## Required work
Lines to restate from the data below: from the one containing "Bridal Veil - 1" to the one containing "New rubber roof", both included. Give them again exactly, and only them.
============
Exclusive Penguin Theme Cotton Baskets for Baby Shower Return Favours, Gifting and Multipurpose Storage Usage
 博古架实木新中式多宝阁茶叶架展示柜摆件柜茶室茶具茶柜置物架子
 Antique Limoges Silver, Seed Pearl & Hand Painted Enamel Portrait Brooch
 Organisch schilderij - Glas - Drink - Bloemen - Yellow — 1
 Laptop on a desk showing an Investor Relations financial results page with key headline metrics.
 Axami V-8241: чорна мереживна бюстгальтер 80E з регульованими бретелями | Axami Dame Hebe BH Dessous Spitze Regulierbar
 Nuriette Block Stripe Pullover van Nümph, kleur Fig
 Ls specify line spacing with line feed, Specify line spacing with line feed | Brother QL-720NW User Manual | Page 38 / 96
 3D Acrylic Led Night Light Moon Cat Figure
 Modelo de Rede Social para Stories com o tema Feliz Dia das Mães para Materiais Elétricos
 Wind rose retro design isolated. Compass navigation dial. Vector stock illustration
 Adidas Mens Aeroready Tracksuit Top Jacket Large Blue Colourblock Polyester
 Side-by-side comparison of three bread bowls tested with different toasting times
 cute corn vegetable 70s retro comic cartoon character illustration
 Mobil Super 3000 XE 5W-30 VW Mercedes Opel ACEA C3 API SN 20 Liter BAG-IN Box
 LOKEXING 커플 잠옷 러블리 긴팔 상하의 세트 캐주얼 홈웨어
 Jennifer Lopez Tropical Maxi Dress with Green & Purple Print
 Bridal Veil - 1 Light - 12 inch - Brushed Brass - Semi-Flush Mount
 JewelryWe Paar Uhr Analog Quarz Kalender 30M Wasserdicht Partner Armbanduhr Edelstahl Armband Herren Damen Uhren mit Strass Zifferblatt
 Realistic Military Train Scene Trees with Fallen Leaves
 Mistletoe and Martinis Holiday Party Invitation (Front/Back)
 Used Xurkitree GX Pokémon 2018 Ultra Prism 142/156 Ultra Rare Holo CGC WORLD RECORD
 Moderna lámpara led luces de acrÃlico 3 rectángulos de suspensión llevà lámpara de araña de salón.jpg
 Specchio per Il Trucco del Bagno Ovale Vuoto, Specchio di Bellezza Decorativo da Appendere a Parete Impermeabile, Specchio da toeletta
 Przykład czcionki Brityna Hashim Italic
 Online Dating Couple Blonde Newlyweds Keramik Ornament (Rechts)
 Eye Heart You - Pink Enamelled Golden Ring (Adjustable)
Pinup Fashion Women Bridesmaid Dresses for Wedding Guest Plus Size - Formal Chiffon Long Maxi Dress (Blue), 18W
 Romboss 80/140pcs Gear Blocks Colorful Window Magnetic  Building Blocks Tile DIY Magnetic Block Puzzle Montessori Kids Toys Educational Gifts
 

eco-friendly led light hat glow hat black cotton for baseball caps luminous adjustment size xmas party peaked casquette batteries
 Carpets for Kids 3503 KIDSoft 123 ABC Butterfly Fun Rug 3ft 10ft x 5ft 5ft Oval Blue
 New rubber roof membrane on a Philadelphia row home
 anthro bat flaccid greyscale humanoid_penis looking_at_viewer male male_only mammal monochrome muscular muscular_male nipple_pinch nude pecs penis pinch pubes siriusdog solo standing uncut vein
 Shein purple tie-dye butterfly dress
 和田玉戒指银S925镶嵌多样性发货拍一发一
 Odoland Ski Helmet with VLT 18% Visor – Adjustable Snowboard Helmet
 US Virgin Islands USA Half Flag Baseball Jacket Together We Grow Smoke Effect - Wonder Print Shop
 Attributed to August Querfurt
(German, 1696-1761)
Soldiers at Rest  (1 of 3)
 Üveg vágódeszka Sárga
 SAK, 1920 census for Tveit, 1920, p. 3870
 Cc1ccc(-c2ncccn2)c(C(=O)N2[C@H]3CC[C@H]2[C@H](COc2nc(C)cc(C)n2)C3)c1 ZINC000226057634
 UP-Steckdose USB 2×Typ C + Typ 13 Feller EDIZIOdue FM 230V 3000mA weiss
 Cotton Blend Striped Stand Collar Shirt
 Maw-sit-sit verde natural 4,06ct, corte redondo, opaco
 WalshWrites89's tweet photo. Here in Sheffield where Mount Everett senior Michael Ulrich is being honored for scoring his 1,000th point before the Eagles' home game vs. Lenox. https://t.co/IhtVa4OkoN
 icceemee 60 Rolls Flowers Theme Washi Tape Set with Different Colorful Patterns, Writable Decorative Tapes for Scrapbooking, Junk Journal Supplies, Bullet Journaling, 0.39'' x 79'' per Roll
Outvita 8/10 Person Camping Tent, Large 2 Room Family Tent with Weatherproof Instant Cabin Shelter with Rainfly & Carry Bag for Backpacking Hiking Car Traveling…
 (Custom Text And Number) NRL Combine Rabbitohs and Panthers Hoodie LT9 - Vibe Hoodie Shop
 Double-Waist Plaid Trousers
============
## Output
 Bridal Veil - 1 Light - 12 inch - Brushed Brass - Semi-Flush Mount
 JewelryWe Paar Uhr Analog Quarz Kalender 30M Wasserdicht Partner Armbanduhr Edelstahl Armband Herren Damen Uhren mit Strass Zifferblatt
 Realistic Military Train Scene Trees with Fallen Leaves
 Mistletoe and Martinis Holiday Party Invitation (Front/Back)
 Used Xurkitree GX Pokémon 2018 Ultra Prism 142/156 Ultra Rare Holo CGC WORLD RECORD
 Moderna lámpara led luces de acrÃlico 3 rectángulos de suspensión llevà lámpara de araña de salón.jpg
 Specchio per Il Trucco del Bagno Ovale Vuoto, Specchio di Bellezza Decorativo da Appendere a Parete Impermeabile, Specchio da toeletta
 Przykład czcionki Brityna Hashim Italic
 Online Dating Couple Blonde Newlyweds Keramik Ornament (Rechts)
 Eye Heart You - Pink Enamelled Golden Ring (Adjustable)
Pinup Fashion Women Bridesmaid Dresses for Wedding Guest Plus Size - Formal Chiffon Long Maxi Dress (Blue), 18W
 Romboss 80/140pcs Gear Blocks Colorful Window Magnetic  Building Blocks Tile DIY Magnetic Block Puzzle Montessori Kids Toys Educational Gifts
 

eco-friendly led light hat glow hat black cotton for baseball caps luminous adjustment size xmas party peaked casquette batteries
 Carpets for Kids 3503 KIDSoft 123 ABC Butterfly Fun Rug 3ft 10ft x 5ft 5ft Oval Blue
 New rubber roof membrane on a Philadelphia row home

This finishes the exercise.